По моей просьбе на утро следующего дня было предусмотрено посещение Дома-музея Льва Толстого в Ясной Поляне. Это имение расположено недалеко от Тулы, в ста километрах южнее Москвы. Мы прилетели в Тулу на самолете, оттуда до усадьбы ехали на машинах.

Деревянный дом, просторный и строгий, с инкрустированным паркетом. Комнаты расположены хаотично. На стенах гостиной – портреты членов семьи, родителей, дедушек и бабушек Толстого. Среди них я с удивлением обнаруживаю знакомое лицо: артист, исполнявший роль старого князя Болконского в фильме «Война и мир», воспроизвел его с большой точностью. Прообразом этого героя был дед Толстого. В соответствии с русским обычаем сохранены и личные вещи писателя: верхняя одежда – на вешалках, обувь – в нижней части шкафов. На шероховатой поверхности деревянного стола Толстого кое-где видны чернильные пятна, в письменном приборе – стальные перья.

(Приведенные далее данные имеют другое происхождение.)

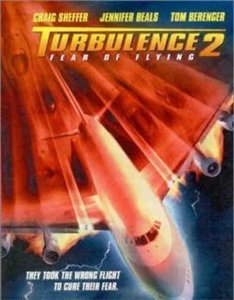  2:   / Turbulence:Fear of Flying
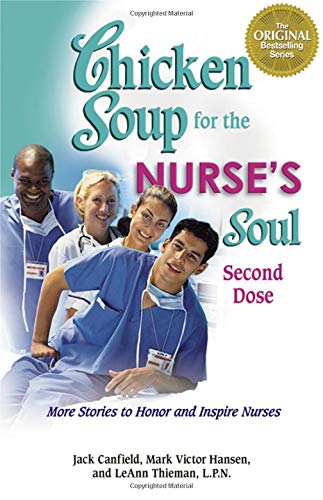 Chicken Soup for the Nurse's Soul - Second Dose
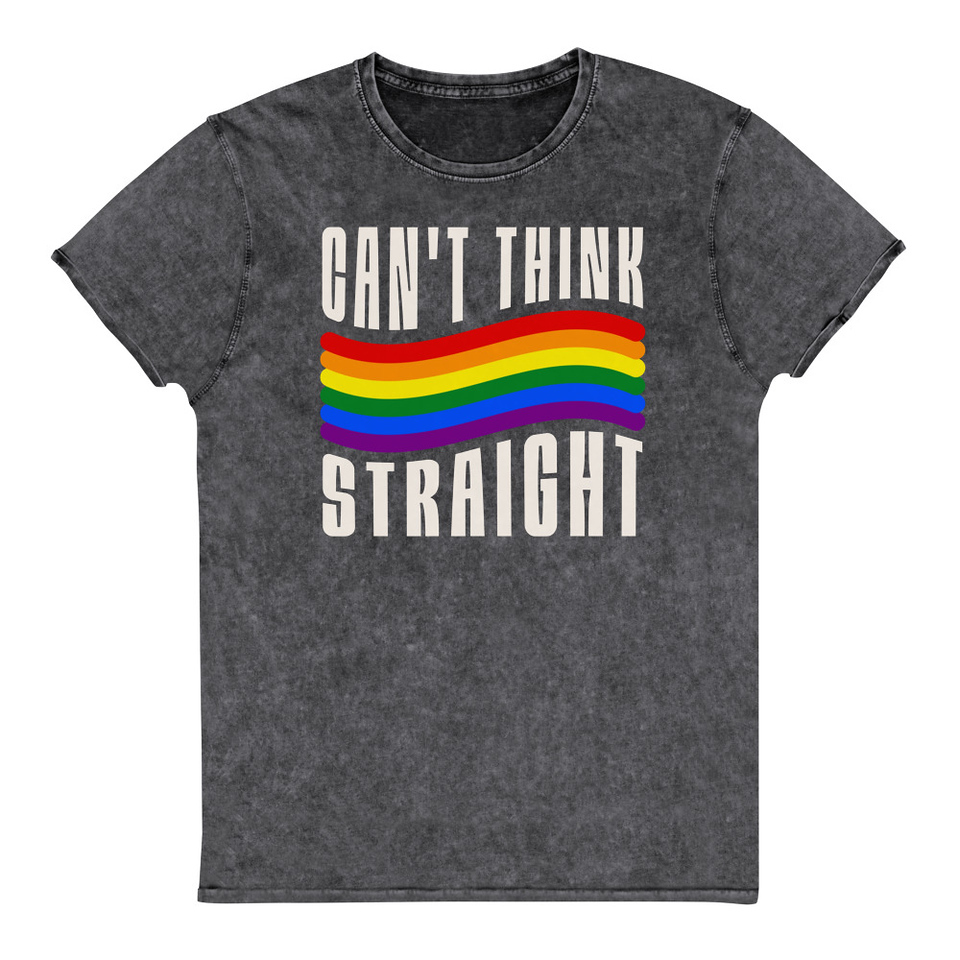 Can't Think Straight Unisex Denim T-Shirt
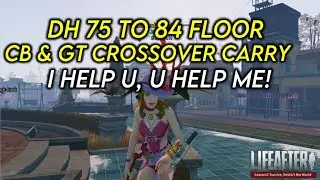 DH 75 Floor to 85 Floor | Crossover Carry CB & GT | I HELP U, U HELP ME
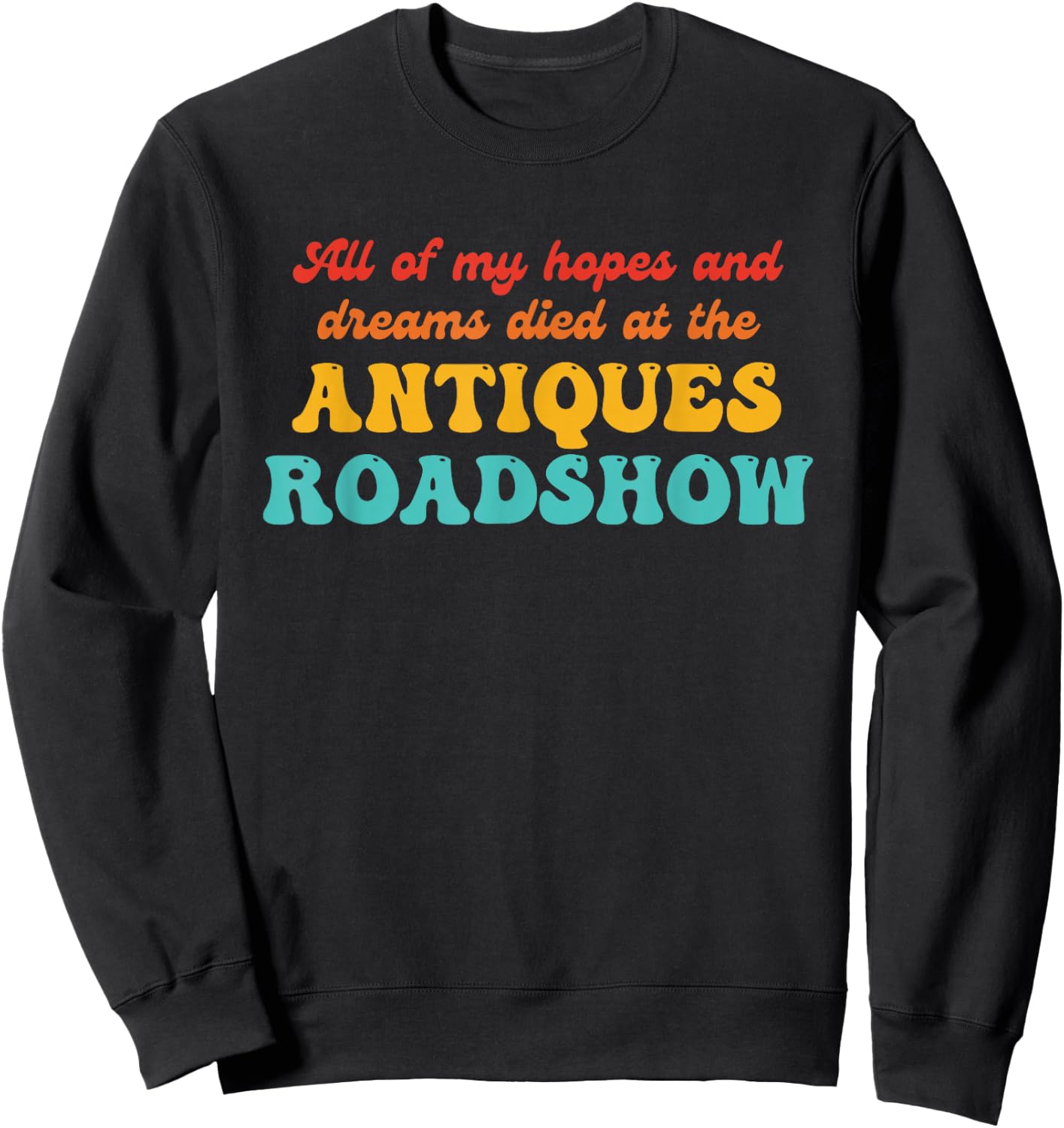 All of My Hopes and Dreams Died at The Antiques Roadshow Sweatshirt - Sweatshirt | Black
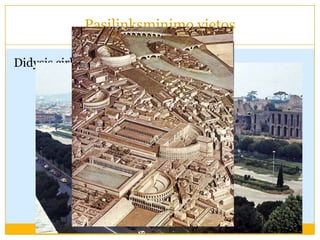 Pasilinksminimo vietos
Didysis cirkas Marso laukas Koliziejus
 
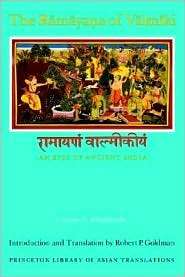 The Ramayana of Valmiki An Epic of Ancient India, Volume I Balakanda 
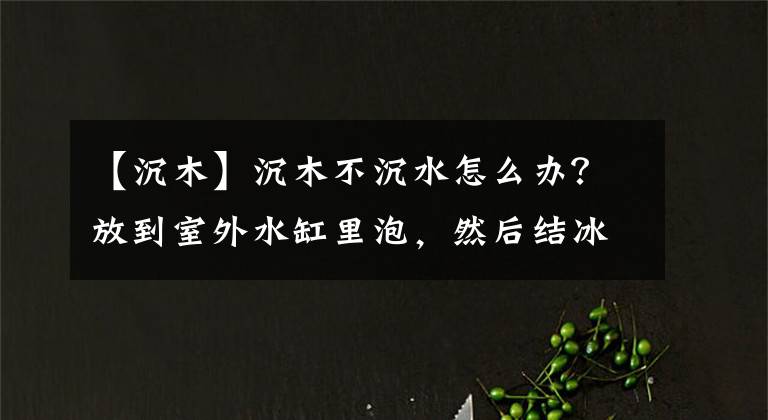 【沉木】沉木不沉水怎么办？放到室外水缸里泡，然后结冰拿不出来了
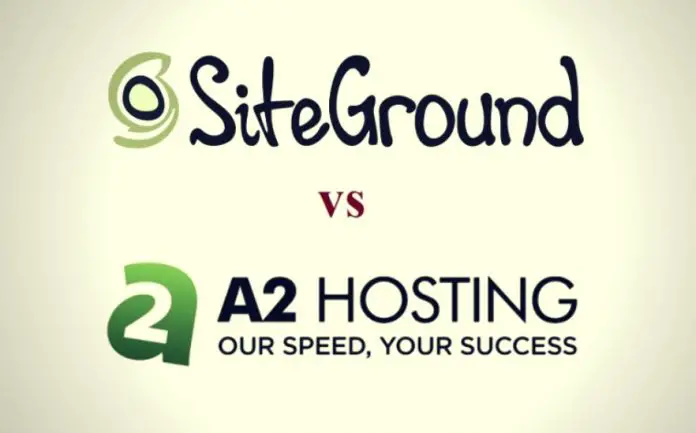 SiteGround vs A2 Hosting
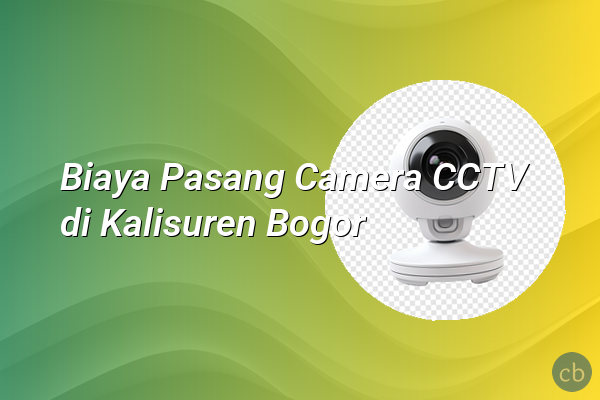 Biaya Pasang Camera CCTV di Kalisuren Bogor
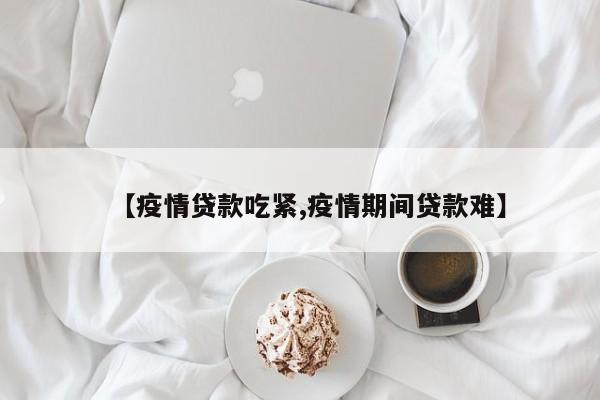 【疫情贷款吃紧,疫情期间贷款难】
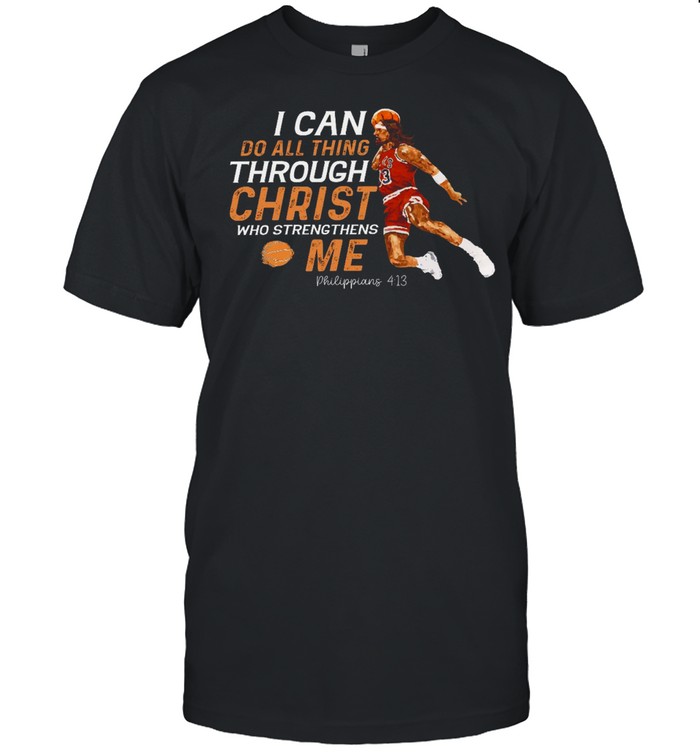 I can do all things through christ who strengthens me shirt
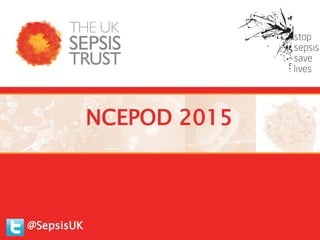 NCEPOD 2015
@SepsisUK
 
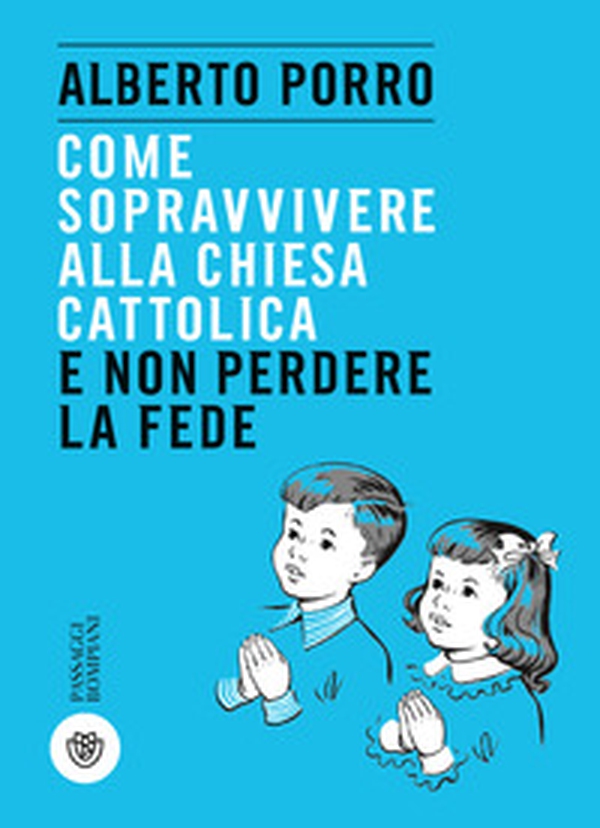 Come sopravvivere alla Chiesa cattolica e non perdere la fede - Librerie.coop Come sopravvivere alla Chiesa cattolica e non perdere la fede - Librerie.coop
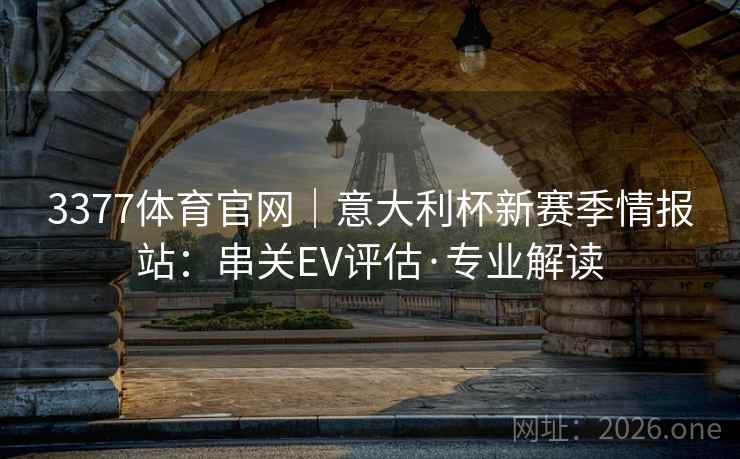 3377体育官网|意大利杯新赛季情报站:串关EV评估·专业解读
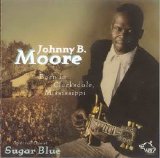 Chicago Blues Session - Vol 56 Johnny B. Moore - Born In Clarksdale, Mississippi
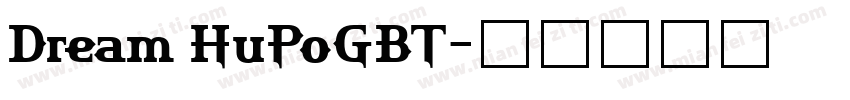 Dream HuPoGBT字体转换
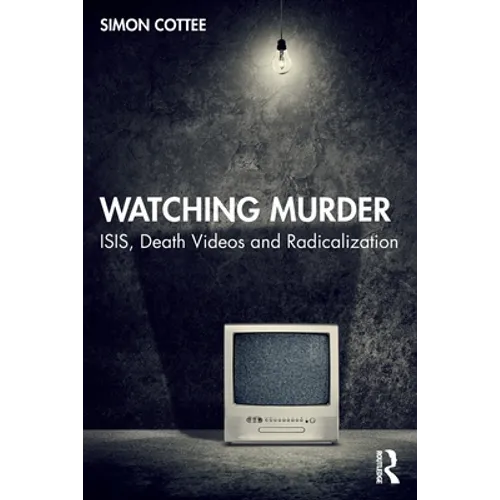 Watching Murder: Isis, Death Videos and Radicalization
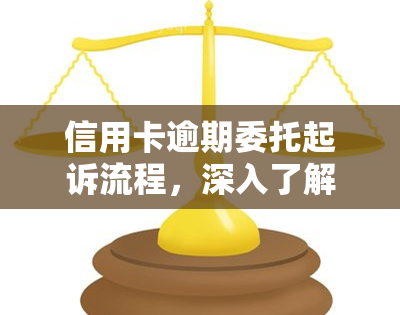 信用卡逾期委托起诉流程，深入了解：信用卡逾期的委托起诉流程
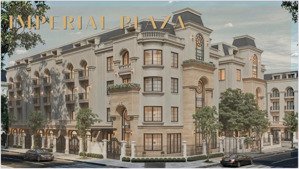 bán liền kề shophouse imperial plaza vị trí đẹp, kinh doanh đỉnh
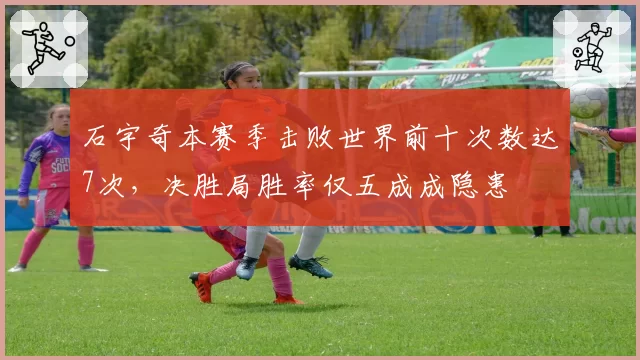 石宇奇本赛季击败世界前十次数达7次,决胜局胜率仅五成成隐患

Мы дошли до могилы Толстого. Он похоронен на краю оврага в березовой роще, в том самом месте, где, как рассказывал ему в детстве брат Николай, зарыта зеленая палочка, на которой Николай написал тайну, как сделать, чтобы «все люди не знали никаких несчастий, никогда не ссорились и не сердились, а были бы постоянно счастливы». Я вспомнил, как семьдесят лет спустя уже в расцвете славы Толстой трогательно писал: «…И палочка эта зарыта у дороги на краю оврага, в том самом месте, в котором я, так как надо же где-нибудь зарыть меня, просил в память о Николеньке закопать меня». И я возложил на небольшой могильный холмик цветы, привезенные из Москвы.